General REBH. There is a project authorization that accompanies each request for services, and it contains money for the project as well as for corps services.

Mr. CONSTANDY. On what basis?

General REBH. I understand that the Post Office in sending these to us is calculating the corps' services based upon 5.5. We have accepted them. However, we have indicated to them that this is simply interim financing

Mr. CONSTANDY. There is no provision in the agreement for repayment, is that correct?

General REBH. What do you mean repayment?

Mr. CONSTANDY. For the cost of your services. You will be paid, but the agreement itself does not make any provision for the basis of payment?

General REBH. That is correct.

Mr. CONSTANDY. It neither spells out a fixed figure, nor does it say you will receive actual costs, does it!

General REBH. That is correct.

Mr. CONSTANDY. So to the extent you begin undertaking that work, you are a little vulnerable as to coming to terms with the Post Office as to how you will be paid for it? Your basic premise being you are going to be reimbursed for your cost?

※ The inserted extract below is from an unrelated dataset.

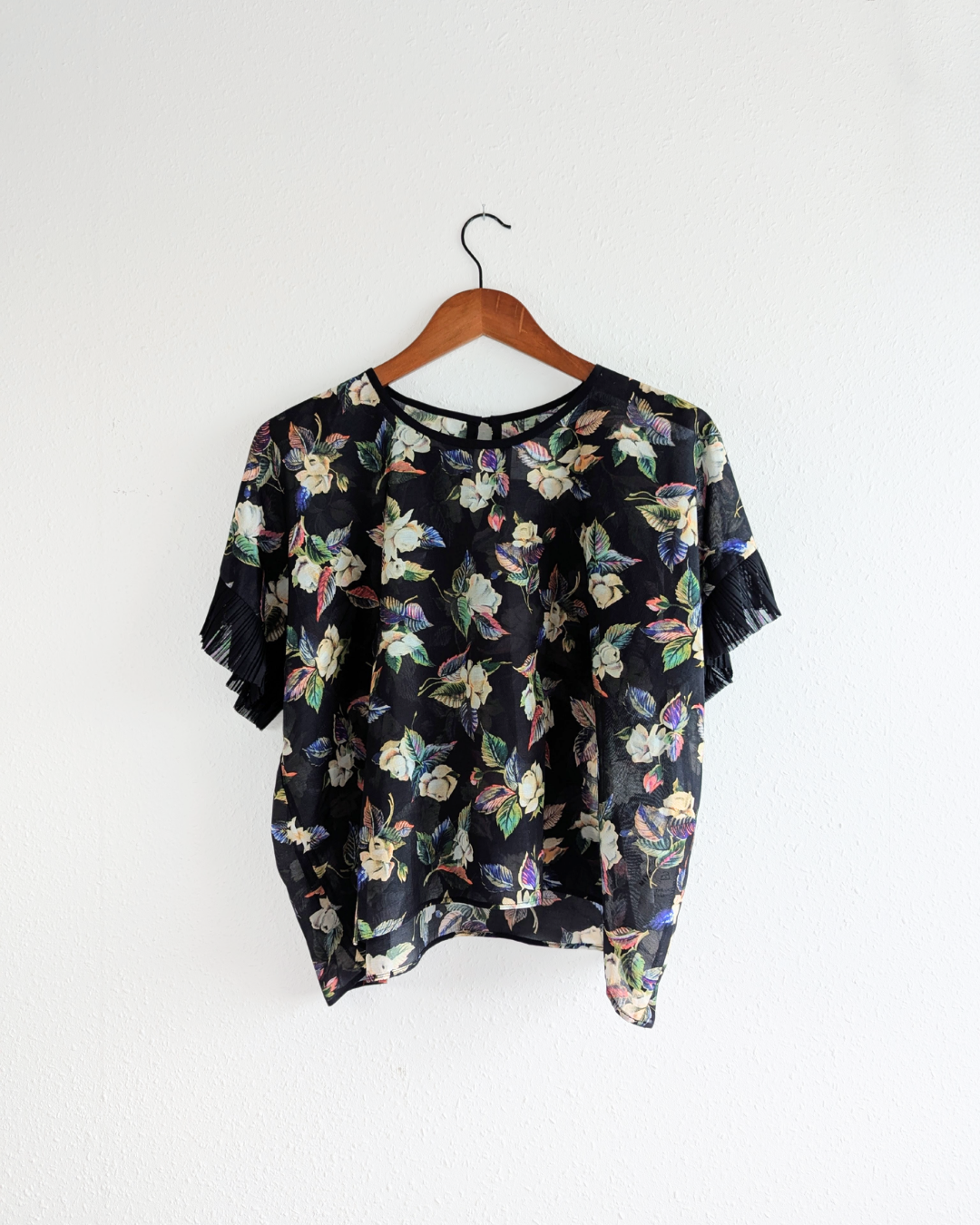 The Floral Frida Top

General REBH. No. They are giving us sufficient money to carry the project forward. It is not that we are committing funds that we do not have, because this we do not do.

Mr. CONSTANDY. You are not talking about construction costs?

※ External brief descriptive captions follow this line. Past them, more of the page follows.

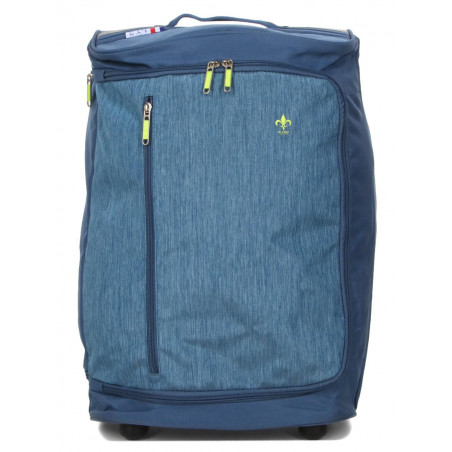 Valise Cabine souple "Manchester" - 2 roues simples - Lys
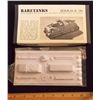 Image 4 : Raretanks 1/76 Scale Somua S-25 Vacuum-Formed Plas Unbuilt Model Kit in Original Packaging. Comes as
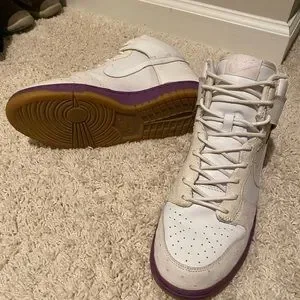Nike | Shoes | Nike Dunk High Sb Mita Japan Purple White Gum  display picture 2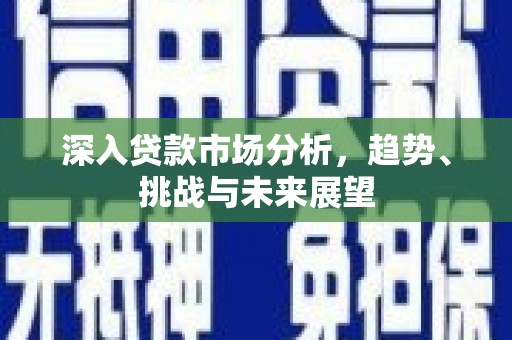 南岳深入贷款市场分析，趋势、挑战与未来展望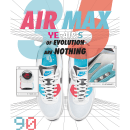 Campaña Nike AirMax 35 Ye-airs. Graphic Design project by Fco Manuel Sanchez Toril - 01.14.2022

General REBH. No, support costs. There are funds, and no funds have been spent on them yet, because we have just received the request for services and it is a matter of passing them out to the field.

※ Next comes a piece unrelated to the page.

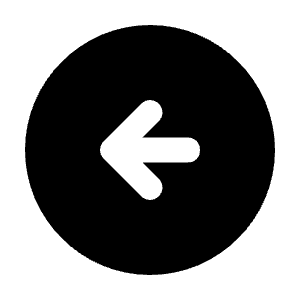 Arrow Circle Left Icon from Unicons Solid Set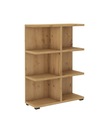 КНИЖНАЯ ПОЛКА МИНА 06 - 83 x 30 x 112 OTITO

Mr. CONSTANDY. To the extent you have received them, they have been on the basis of a working arrangement of some 5.5 percent until you do negotiate a figure?

General REBH. That is correct. This has not been uncommon that they have given us interim funding which is enough to get the project moving, and then later provide for additional funds after that amount has been determined.

Mr. CONSTANDY. Has any rate been set in the negotiation that

General REBH. Not yet. No, I think that when we start, we will start looking at the 5.5 as a basis of discussion, but I do not anticipate that it is going to be at the 5.5 level.

Mr. CONSTANDY. Will your services generally cost more for these projects, or will it be larger or less on a percentage basis?

General REBH. It is going to cost more on a percentage basis. In fact, this is one of the reasons why we think we can do the big construction programs for 5.5 because the projects are so large.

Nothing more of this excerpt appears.